In due time Mrs. Collins received a letter revealing the sad fate of her husband, accompanied with a few simple words of sympathy.
Over the grave a rude cross was planted, fashioned of two boards, with the name of James Collins, cut out with a jack-knife, upon them. This inscription was the work of Miles.
"Somebody may see it who knows Collins," he said.
It happened that, on the second night after the discovery of Collins and his unfortunate companion, Lawrence Peabody's turn came to stand watch. He was very uneasy and nervous through the day. In the hope of escaping the ordeal he so much dreaded he bound a handkerchief round his head.
"What's the matter, Mr. Peabody?" asked Fletcher.
"I've got a fearful headache," groaned Peabody. "It seems to me as if it would split open."
"Let me feel of it," said Fletcher.
"It doesn't feel hot; it doesn't throb," he said.
"It aches terribly," said Peabody. "I'm very subject to headache. It is the effect of a delicate constitution."
"The fellow is shamming," said Fletcher to himself; and he felt disgust rather than sympathy.

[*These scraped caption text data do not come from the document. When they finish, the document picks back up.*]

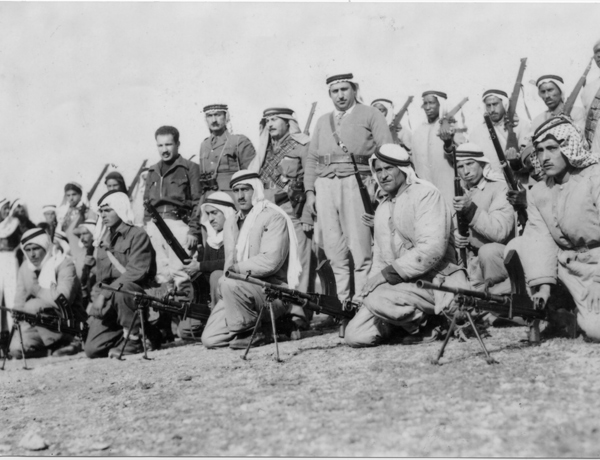 israel netach, photographer disguised as an arab in order to gather intelligence (spy photographer), abdal-qadir al-husayni before going up to gush etzion, palmach archive
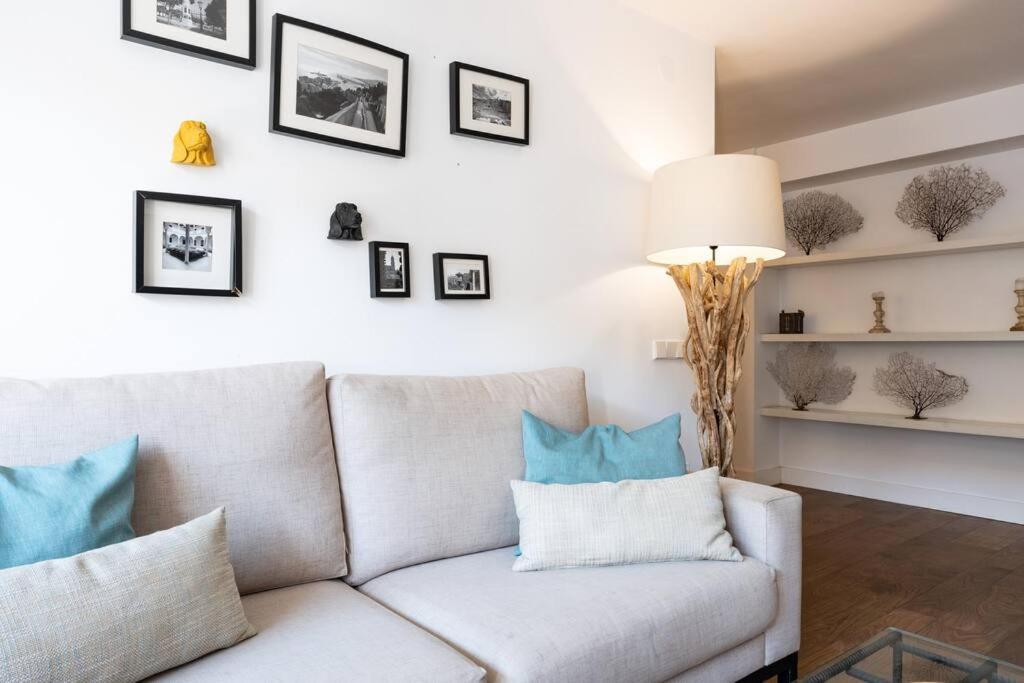 Super Central Malaga Flat With Terrace And Free Parking Exterior photo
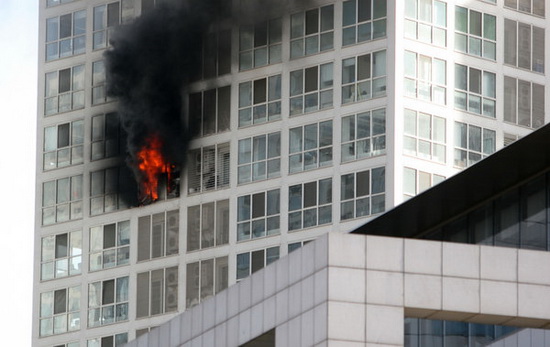 组图:北京中央商务区大楼发生火灾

"It's a little curious, Mr. Peabody, that this headache should not come upon you till the day you are to stand on watch," remarked the leader, with a sarcasm which even the young man from Boston detected.

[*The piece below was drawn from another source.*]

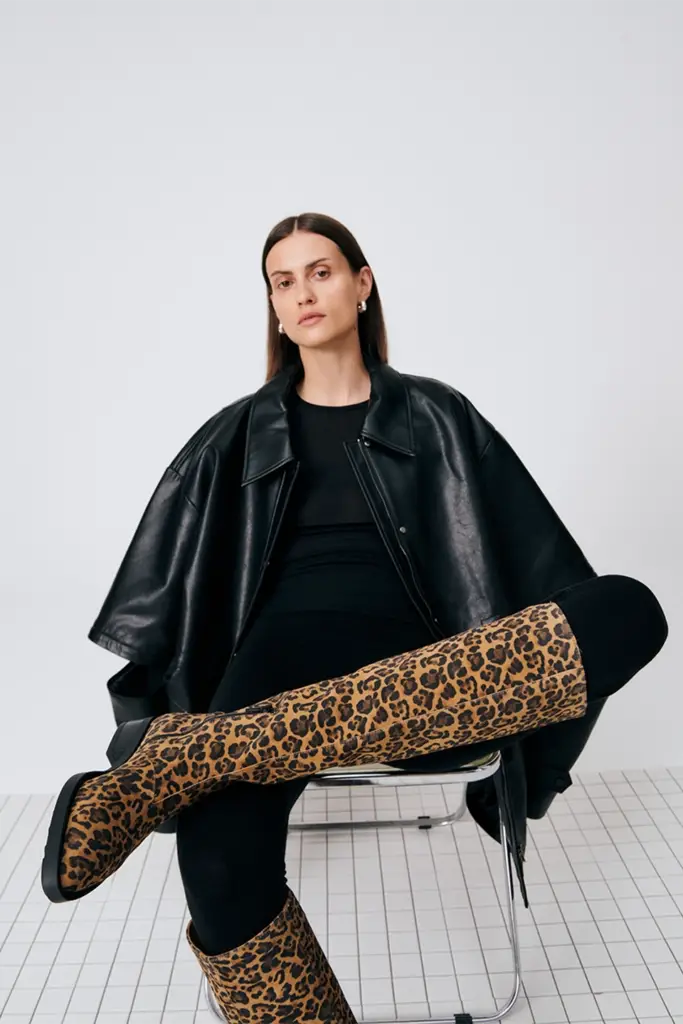 Studio Copenhagen CPH323 suede leo Exklusivangebot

"Yes, it's strange," he admitted, "and very unlucky, for of course you won't expect a sick man to watch."
"You don't look at it in the right light, Mr. Peabody. I regard it as rather lucky than otherwise."
Lawrence Peabody stared.
"I don't understand you, Mr. Fletcher," he said.
"If you have the headache, it will prevent you from going to sleep, and you remember you expressed yourself as afraid that you might. If you were quite well, I might feel rather afraid of leaving the camp in your charge. Now, I am sure you won't fall asleep."

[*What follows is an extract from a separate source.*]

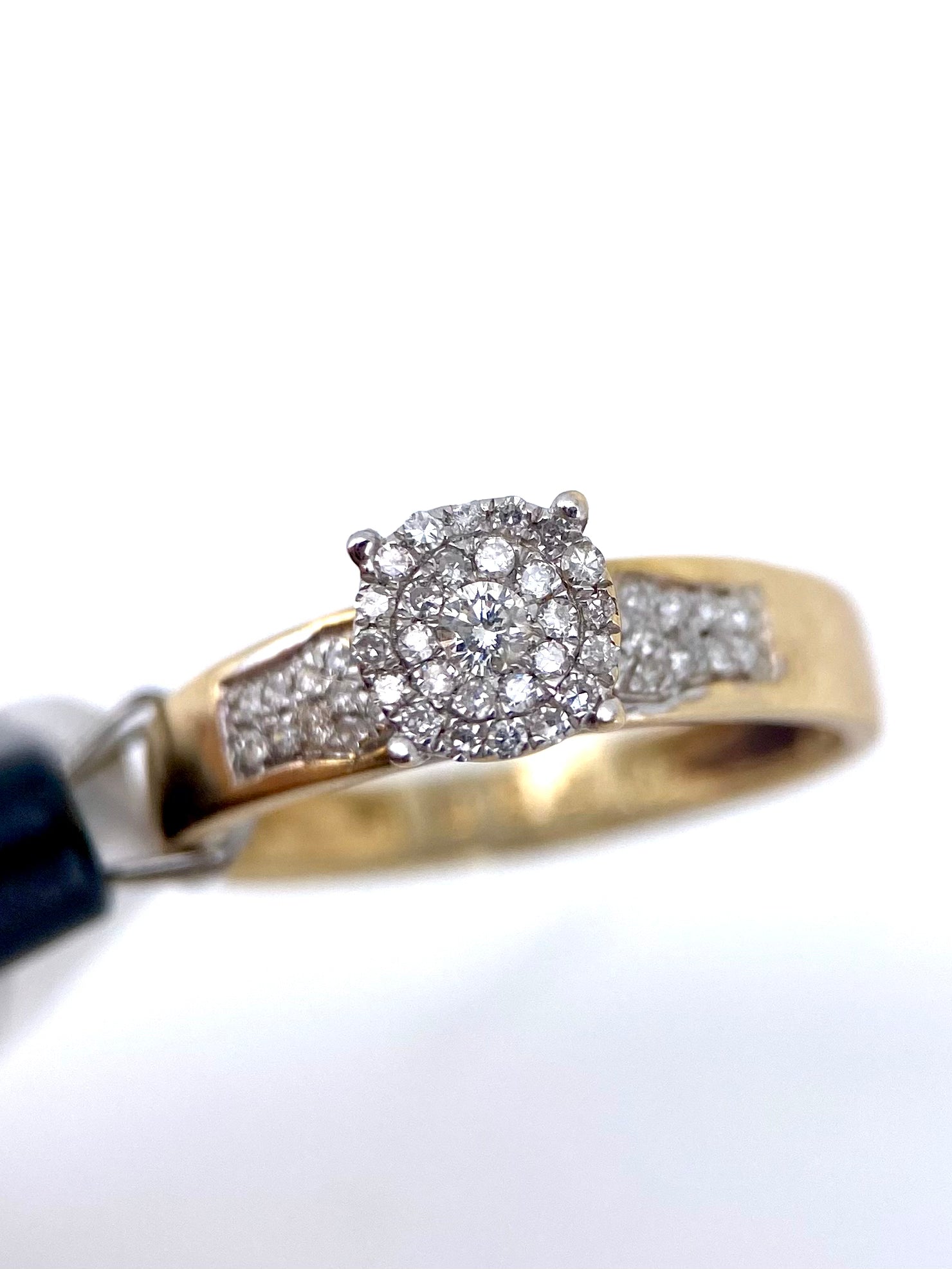 Oro Amarillo 14k Redondo 0.35ct de Diamantes Naturales                            Anillo Compromiso OF1702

Mr. Peabody listened in dismay. The very plan to which he had resorted in the hope of evading duty was likely to fasten that duty upon him.
"He'll be well before night," thought Fletcher shrewdly; and he privately imparted the joke to the rest of the party. The result was that Mr. Peabody became an object of general attention.
In half an hour the young man from Boston removed his handkerchief from his head.
"Are you feeling better, Mr. Peabody?" asked Tom.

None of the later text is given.